The brilliance of the Frank-Wolfe algorithm [7] is that it doesn’t try to solve everything at once, but converges step by step.

Here’s how it works:

Step 1: Start with a small set of known valid outcomes.

Step 2: Optimize over this set to find the current best solution.

Step 3: Use integer programming to find a new valid outcome and add it to the set.

Step 4: Check if you’re close enough to optimal. If not, return to Step 2.

Each iteration adds only one vertex. Even after 100 iterations, you’re only tracking 100 vertices—not 2^63.

Frank-Wolfe Iteration

Imagine searching for an exit in a massive maze.

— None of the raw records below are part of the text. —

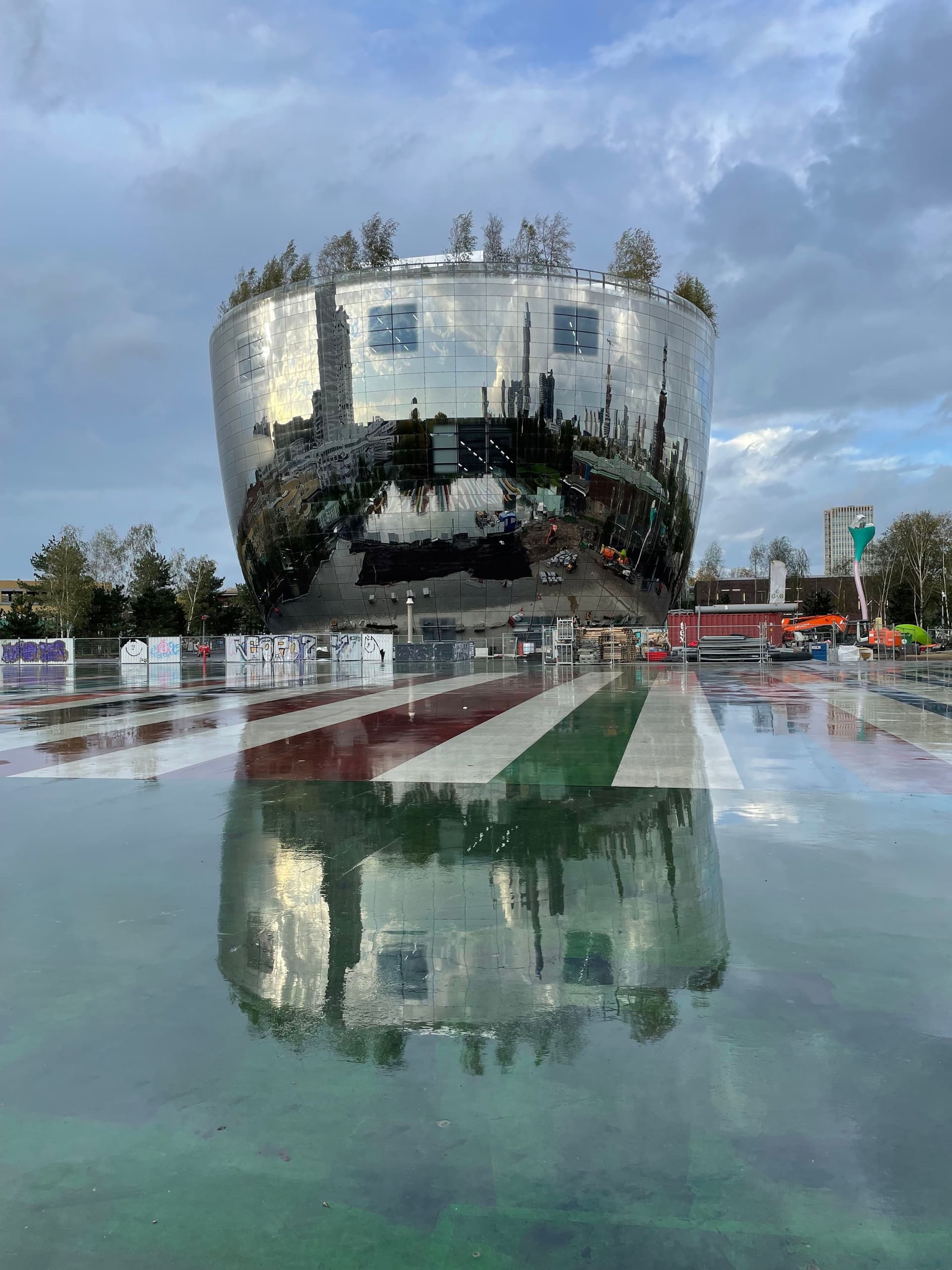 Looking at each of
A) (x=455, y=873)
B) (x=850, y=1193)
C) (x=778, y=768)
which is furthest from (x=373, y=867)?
(x=778, y=768)

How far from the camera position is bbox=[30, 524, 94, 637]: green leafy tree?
247 ft

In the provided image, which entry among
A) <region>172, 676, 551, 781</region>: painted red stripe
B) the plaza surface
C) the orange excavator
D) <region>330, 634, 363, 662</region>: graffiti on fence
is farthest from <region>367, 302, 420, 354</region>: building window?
the plaza surface

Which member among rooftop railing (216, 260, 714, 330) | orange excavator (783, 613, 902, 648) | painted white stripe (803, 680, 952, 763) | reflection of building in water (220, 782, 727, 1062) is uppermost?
rooftop railing (216, 260, 714, 330)

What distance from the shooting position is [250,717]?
17.7 m

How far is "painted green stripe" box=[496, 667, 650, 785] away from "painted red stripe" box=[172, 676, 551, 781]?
1.62 m

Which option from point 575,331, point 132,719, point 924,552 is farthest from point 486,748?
point 924,552

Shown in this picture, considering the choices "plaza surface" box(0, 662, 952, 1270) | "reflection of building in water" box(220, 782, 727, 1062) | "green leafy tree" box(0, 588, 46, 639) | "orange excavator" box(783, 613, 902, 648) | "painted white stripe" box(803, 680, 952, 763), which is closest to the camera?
"plaza surface" box(0, 662, 952, 1270)

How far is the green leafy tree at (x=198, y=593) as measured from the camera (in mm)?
90188

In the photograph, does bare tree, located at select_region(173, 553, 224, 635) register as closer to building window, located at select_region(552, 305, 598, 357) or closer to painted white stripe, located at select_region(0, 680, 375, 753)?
building window, located at select_region(552, 305, 598, 357)

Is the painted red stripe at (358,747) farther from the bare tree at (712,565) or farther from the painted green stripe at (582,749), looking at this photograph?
the bare tree at (712,565)

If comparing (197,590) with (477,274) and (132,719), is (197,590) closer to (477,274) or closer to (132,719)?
(477,274)

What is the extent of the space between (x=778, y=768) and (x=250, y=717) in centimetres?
1079

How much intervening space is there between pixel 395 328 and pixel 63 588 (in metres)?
36.4

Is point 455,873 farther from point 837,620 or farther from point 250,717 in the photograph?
point 837,620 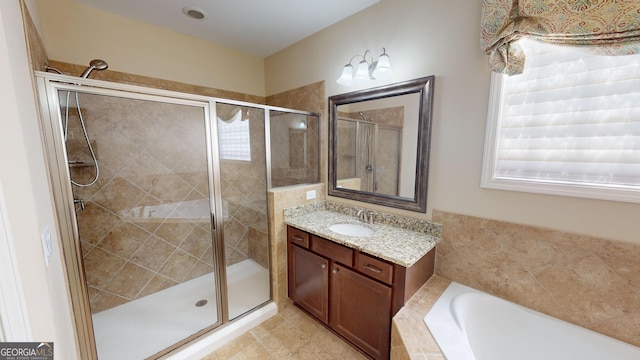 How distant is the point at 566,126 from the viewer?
123 cm

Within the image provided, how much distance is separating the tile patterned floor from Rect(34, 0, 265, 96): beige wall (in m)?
2.55

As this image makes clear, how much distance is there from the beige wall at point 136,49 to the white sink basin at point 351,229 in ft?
6.82

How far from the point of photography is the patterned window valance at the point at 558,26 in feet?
3.21

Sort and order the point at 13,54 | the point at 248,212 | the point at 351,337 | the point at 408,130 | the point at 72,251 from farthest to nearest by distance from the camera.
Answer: the point at 248,212, the point at 408,130, the point at 351,337, the point at 72,251, the point at 13,54

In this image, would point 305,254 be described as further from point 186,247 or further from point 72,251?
point 72,251

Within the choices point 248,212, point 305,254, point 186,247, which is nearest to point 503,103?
point 305,254

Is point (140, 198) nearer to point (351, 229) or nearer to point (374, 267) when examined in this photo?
point (351, 229)

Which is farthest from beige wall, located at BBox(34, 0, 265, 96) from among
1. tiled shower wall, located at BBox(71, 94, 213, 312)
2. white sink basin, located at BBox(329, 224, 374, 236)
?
white sink basin, located at BBox(329, 224, 374, 236)

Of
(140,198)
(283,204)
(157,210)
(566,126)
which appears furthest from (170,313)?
(566,126)

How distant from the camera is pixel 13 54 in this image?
2.60 feet

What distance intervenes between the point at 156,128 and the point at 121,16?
3.63 feet

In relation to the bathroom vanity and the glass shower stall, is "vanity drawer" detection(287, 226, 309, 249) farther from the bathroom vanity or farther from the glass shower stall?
the glass shower stall

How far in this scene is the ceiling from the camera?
6.07 ft

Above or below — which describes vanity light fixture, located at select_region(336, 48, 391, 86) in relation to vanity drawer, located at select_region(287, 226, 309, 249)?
above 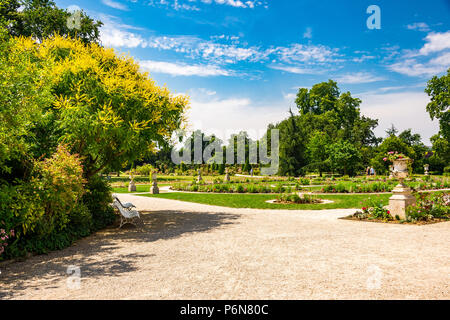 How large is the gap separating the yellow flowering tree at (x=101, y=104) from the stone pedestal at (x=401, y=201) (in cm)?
770

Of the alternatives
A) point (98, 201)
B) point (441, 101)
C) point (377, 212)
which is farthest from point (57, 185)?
point (441, 101)

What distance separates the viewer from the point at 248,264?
5.64m

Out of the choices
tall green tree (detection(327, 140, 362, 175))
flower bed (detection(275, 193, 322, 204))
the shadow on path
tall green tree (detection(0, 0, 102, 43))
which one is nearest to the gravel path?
the shadow on path

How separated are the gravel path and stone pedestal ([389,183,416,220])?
0.83 m

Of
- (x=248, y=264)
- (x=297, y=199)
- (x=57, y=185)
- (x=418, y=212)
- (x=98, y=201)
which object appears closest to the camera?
(x=248, y=264)

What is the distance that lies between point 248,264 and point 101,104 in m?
6.68

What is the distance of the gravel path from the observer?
4.39 m

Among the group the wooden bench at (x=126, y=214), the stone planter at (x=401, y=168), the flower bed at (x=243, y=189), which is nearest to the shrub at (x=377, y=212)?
the stone planter at (x=401, y=168)

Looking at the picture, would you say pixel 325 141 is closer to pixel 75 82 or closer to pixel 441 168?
→ pixel 441 168

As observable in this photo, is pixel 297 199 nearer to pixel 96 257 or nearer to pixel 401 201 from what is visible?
pixel 401 201

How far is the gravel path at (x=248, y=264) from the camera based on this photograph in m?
4.39

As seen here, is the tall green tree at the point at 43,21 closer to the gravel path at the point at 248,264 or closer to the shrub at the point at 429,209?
the gravel path at the point at 248,264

The brute-force method is to walk every path. The Frank-Wolfe method is to pick a random path, then at each fork, ask a “guide” (integer programming solver): “From here, which direction is most likely to lead to the exit?” Then take a step in that direction. You don’t need to explore the entire maze—just make the right choice at each key junction.

Integer Programming Solver: The “Guide” at Every Step

Each Frank-Wolfe iteration requires solving an integer linear programming problem. In theory, this is NP-hard (no known fast general algorithm).

But modern solvers like Gurobi [8] can efficiently handle well-structured problems.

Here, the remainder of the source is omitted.